• _Description of the task_
Please give back word for word the lines of the material below between the line containing "Anna Aneae Sunscreen" and the line containing "Conjunto de 6", inclusive.
(Records shown Opens)
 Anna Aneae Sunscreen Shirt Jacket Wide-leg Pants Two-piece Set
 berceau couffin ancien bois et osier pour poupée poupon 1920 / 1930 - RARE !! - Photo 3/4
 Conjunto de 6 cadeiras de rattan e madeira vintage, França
(Records shown Closes)
(Records shown Opens)
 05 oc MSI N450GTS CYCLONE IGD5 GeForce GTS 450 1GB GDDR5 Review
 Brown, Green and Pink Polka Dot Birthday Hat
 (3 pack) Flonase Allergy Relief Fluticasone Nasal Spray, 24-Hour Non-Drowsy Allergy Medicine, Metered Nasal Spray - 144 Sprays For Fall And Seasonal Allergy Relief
(Records shown Closes)
• _Response to this task_
 Anna Aneae Sunscreen Shirt Jacket Wide-leg Pants Two-piece Set
 berceau couffin ancien bois et osier pour poupée poupon 1920 / 1930 - RARE !! - Photo 3/4
 Conjunto de 6 cadeiras de rattan e madeira vintage, França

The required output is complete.